BBM: Benar-Benar Meresahkan
Ngelantur Soal Rencana Kenaikan Harga BBM
BBM lagi-lagi soal BBM, bukan soal Blackberry, tapi perihal bahan bakar yang katanya akan naik harganya di bulan April ini. Meski baru sebatas rencana, namun imbasnya sudah mulai terasa, bahan kebutuhan pokok sudah ada yang mulai naik, dan tentunya sebagian lain sudah ancang-ancang untuk melonjak pula harganya.
Seorang teman bercerita kepada saya, katanya saat beli bensin di pengecer harganya sudah enam ribu rupiah, padahal, normalnya harga bensin di pengecer hanya lima ribu rupiah. Baru rencana saja harganya sudah di naikkan, bagaimana kalau benar-benar jadi naik?.
Sebenarnya sudah lama menjadi sebuah "tradisi" kalau naiknya harga BBM menjadi pro dan kontra, jangankan benar-benar naik, baru sebatas rencana saja sudah menimbulkan keresahan. Saya kira sangat wajar bila terjadi demonstrasi di banyak tempat, karena berapapun naiknya, tetap saja itu memberatkan. Kenaikan harga BBM merupakan sebuah alasan untuk semua barang ikut melonjak harganya.

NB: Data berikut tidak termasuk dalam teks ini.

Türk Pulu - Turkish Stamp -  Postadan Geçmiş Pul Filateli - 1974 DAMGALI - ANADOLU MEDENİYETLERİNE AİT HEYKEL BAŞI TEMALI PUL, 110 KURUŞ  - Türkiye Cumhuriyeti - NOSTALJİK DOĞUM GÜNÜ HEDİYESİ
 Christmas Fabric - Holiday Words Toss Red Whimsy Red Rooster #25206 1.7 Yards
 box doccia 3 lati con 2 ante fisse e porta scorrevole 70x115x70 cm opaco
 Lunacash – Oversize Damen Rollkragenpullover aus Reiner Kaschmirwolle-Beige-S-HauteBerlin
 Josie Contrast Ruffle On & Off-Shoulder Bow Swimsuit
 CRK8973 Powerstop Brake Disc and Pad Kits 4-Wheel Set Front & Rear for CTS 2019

Misalkan saja harga BBM tidak jadi naik, itu patut di sukuri, sebuah kebijakan kalau hasilnya tidak berimbang dengan dampaknya saya pikir itu tidaklah menjadi sesuatu yang bijak. Tapi, bila nantinya harga BBM benar-benar jadi naik, ya terima saja, meskipun dengan berat hati. Sudah terbiasa dengan kebijakan yang rasa-rasanya kurang bijak.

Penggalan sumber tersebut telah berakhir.